Open brettChapman opened 3 years ago
Hi-
Apologies for the delayed response.
Hub genes are defined by the role they play in a gene-interaction network, with the basic idea that a hub gene is one that is "central" or so "essential" to the network that it greatly alters the network structure (or breaks the network) when removed. Often, these are genes that form connections across modules, so rankings based solely on correlations are not sufficient to identify them. Typical approaches to identifying hub genes involve 3(4) steps 1) estimate the gene-interaction network, 2) for each network node (gene) calculate various measures of centrality (e.g., connectivity, betweenness, etc), 3) rank nodes (genes) by centrality measures, with top-ranked being most likely to be "hub" genes. 4) validate prediction experimentally :)

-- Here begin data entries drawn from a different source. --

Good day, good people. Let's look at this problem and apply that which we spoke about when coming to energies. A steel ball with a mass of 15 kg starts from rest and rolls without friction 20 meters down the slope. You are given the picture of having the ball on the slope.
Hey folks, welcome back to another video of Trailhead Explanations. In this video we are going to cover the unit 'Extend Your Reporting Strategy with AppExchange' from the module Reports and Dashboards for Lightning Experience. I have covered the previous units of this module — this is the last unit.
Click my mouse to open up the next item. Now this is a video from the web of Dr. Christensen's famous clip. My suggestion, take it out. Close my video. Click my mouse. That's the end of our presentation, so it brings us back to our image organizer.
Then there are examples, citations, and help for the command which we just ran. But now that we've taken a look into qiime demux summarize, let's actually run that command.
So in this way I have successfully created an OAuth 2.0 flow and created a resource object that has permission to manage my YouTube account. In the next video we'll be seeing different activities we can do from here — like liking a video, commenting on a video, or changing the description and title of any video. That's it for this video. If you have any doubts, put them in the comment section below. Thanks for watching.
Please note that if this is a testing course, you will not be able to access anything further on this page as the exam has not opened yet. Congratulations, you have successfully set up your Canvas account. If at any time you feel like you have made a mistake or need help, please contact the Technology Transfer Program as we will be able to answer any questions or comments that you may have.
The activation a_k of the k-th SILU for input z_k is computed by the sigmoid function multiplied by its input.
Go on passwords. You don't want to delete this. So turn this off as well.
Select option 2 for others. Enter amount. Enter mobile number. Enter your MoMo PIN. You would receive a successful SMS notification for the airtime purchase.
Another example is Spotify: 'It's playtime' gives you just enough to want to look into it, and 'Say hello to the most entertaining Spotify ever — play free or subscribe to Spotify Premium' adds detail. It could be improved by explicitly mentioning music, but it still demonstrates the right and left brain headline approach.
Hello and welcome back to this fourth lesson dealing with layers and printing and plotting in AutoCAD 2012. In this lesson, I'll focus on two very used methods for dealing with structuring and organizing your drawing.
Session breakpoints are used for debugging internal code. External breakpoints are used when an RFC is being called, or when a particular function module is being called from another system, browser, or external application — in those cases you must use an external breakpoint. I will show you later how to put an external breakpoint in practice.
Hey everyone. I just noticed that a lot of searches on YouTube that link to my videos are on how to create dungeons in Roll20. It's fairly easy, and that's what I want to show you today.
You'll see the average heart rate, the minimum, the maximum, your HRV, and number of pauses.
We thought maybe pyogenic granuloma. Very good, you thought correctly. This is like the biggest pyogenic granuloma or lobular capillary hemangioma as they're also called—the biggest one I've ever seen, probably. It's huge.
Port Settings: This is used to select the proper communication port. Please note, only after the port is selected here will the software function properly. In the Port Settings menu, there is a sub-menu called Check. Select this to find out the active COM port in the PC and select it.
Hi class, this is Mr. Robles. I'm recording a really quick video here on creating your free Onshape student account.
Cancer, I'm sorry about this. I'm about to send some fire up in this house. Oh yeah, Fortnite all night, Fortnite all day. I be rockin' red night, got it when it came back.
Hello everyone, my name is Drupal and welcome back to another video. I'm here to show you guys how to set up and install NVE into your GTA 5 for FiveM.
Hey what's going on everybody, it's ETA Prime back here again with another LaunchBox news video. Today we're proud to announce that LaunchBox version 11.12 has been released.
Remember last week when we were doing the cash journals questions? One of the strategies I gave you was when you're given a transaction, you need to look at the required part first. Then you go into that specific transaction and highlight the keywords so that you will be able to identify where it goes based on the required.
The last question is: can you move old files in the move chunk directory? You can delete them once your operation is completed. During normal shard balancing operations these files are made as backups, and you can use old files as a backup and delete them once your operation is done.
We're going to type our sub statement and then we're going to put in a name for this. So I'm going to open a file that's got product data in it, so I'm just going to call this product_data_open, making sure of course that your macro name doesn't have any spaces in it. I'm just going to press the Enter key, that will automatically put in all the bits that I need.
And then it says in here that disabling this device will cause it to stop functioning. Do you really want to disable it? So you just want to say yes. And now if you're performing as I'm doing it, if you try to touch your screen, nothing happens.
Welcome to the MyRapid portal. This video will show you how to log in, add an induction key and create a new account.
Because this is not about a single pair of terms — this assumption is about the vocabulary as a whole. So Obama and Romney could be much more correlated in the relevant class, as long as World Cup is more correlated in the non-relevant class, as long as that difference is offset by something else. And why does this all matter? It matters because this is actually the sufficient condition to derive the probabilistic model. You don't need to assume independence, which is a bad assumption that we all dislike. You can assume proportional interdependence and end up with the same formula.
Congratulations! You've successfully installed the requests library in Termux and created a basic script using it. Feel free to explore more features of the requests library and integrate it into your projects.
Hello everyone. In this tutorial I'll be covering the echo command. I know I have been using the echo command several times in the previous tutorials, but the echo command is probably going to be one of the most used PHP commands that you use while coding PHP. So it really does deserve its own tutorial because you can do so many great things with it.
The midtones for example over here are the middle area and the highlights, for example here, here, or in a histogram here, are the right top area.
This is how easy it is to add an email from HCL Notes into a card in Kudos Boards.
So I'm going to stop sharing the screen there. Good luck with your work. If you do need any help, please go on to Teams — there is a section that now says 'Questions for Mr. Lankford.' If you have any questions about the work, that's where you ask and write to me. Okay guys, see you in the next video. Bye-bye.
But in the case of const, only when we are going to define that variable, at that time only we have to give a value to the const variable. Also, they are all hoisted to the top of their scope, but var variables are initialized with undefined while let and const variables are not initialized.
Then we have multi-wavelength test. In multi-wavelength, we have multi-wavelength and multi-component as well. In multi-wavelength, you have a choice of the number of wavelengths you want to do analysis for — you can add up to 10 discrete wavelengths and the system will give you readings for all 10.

Both WGCNA and iterativeWGCNA can be used for step # 1 -- estimating the gene interaction network. Using iterativeWGCNA will eliminate the need for some of the filtering steps you mention (e.g., remove top 10% by KME, filtering for top 75% expressed genes -- BTW never a good idea b/c often essential regulatory genes such as transcription factors are not highly expressed) b/c it is optimized to remove spurious connections and produces highly refined, connected modules, where every gene in a module is very highly connected (highly correlated to all other genes in the module). So using iterativeWGCNA will help you produce a more refined estimate of the gene-interaction network than standard WGCNA.
Thank being said, determining the hub genes is outside the scope of iterativeWGCNA, whose goal is just to help produce high quality gene-interaction networks.
Once you finish running iterativeWGCNA, you have several options on how to proceed to identify your hub genes.
use standard WGCNA
use igraph or a similar generic network analysis toolkit to get at the same question w/a bit more flexibility to define what you consider to be a hub gene
Thanks for your feedback @fossilfriend
I'll try out the methods you mention and see how I go. I've also come across tools such as DeepGraph (https://deepgraph.readthedocs.io/en/latest/) and Networkit (https://networkit.github.io/), which I'm keen to try out as well. I have my own force directed network visualisations based on D3.js, which I'm keen to pass in the raw data that iGraph uses for visualisation.
I think for a first attempt I'll run WGCNA with a filtered dataset based on the iterativeWGCNA ouput, identify top hub genes, and also try running iGraph. Thanks for your help.
Hi
I'm interested in producing dendrograms, heatmaps, network plots (force directed network plots) and hierarchical edge bundle plots using the final merged members of each module.
From what I've read, to produce any plots from iterativeWGCNA I would use the members to filter the genes in the original expression matrix and then run this subset through the standalone WGCNA in R.
How are the hub genes determined? Would these be the top 10% genes by KME values within each module? Could I use these top 10% to run correlations between each module and within each module. My expression data is also across 5 different tissues, and I would like to visualise differences across tissues in the plots.
Previously I've been subsetting the expression matrix by tissue type, heavily filtering on differentially expressed genes by qvalue (determined by Ballgown), and then running Pearson correlations across the top 75% expressed genes, so that I remove low expressed genes from the correlation analysis. This allows me to find correlations between highly expressed genes within and between different tissues. I'm trying to look at ways to incorporate interativeWGCNA and the standalone WGCNA packages into my analysis so that I can further enrich for particular genes with high connectivity, without having to be heavy on the qvalue filtering, which would likely remove genes of biological importance.
Thank you for any help you can provide.